Tanner sighed, sagging. She... did feel exhausted. Never gone this long without sleep. What day was it, again? Come to think of it... her vision was slightly hazy. How had she... there was a slight shimmer, right at the edge of her eyes. Grey. Maybe she was inventing false memories, like Canima had warned, and the grey man had come about from this, from the shimmering, from the slight vibration of her eyes. She stared at her hands. Didn't feel quite real. Sleeplessness... well, it was expected of her, she didn't like sleeping until the day's work was done, and... the day's work was never really done. So the day never really ended, just kept going and going and going. A great pale sun was looming outside, like even the sky was trying to play along with the idea. Noon, morning, evening, didn't matter, the sun was either on or off, like one of those flameless lights the theurgists were so fond of. Out there... grey. Not bright enough for the snow to glimmer, so it just sat there, leaden and infinite. Maybe she was just hallucinating the grey man, because only a grey man could walk out of that place. She checked her notes... no, no, he was real, the notes were real. Needed to confirm all of this.

Sitting down made her aware of how... damn tired she was.

Had her skin always felt this gritty? Had her eyes always been this numb? Didn't even really feel alive, just hunks of cold jelly sitting in her face, occasionally sparking with a stray impulse. She closed them for a moment, sighed...

"Sure. Home."

"There we go. Feel better once you have some sleep in you. I'll take your papers."

"Hrm."

"Up you get, you tremendous grouch."

And side by side, Tanner struggling not to stagger, the two made their way out into the grey.

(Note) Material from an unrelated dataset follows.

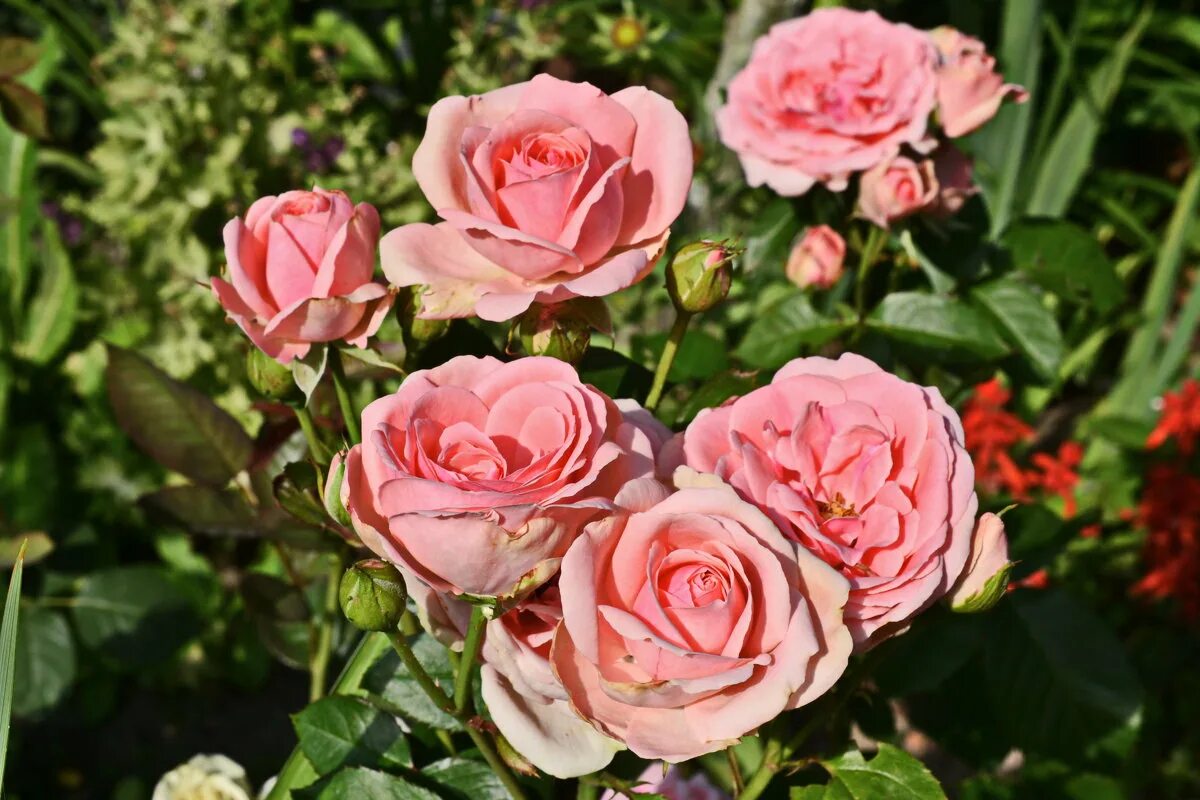 Розы интернет-магазин саженцев роз 2022. Розы у татьяны на вднх. Питомник роз интернет магазин. Питомник роз татьяны чех. Питомник роз татьяны чех.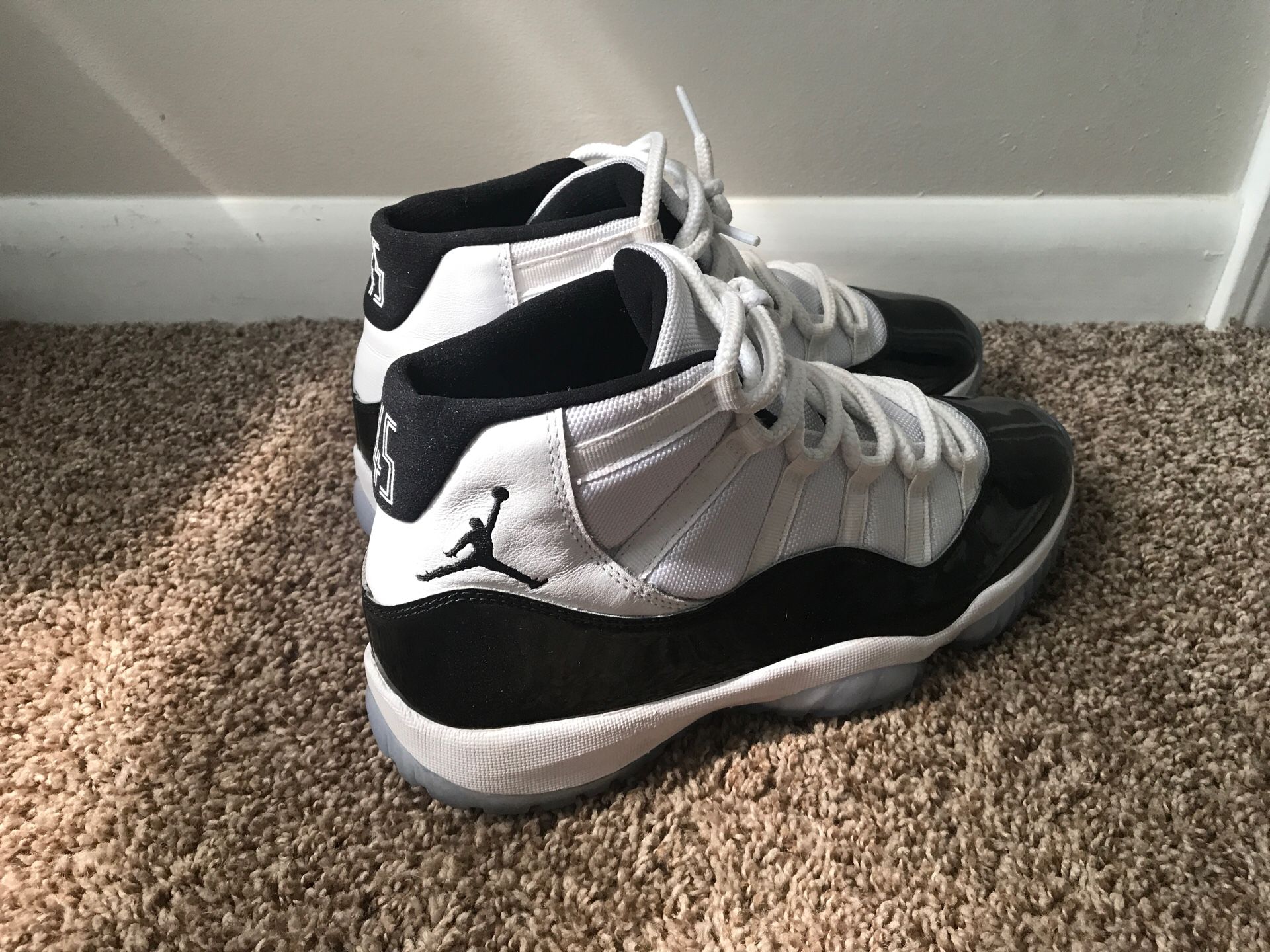 Jordan Concord 11 (9.5) And Jordan 3 International Flight (10)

Out into the chill. And towards the distant signs of home, while the governor's fox-patterned tie kept her cape around her shoulders. With the way it strained, she could almost imagine the foxes were moving, bounding across the featureless green background.

Weeks since she'd seen green. Real green. Summer green. Field green. Not just the dark foreboding green of conifers, sharp green.

And all the while, Marana talked.

And while Tanner couldn't remember a single word by the time she staggered through the front door...

She appreciated each and every one of them.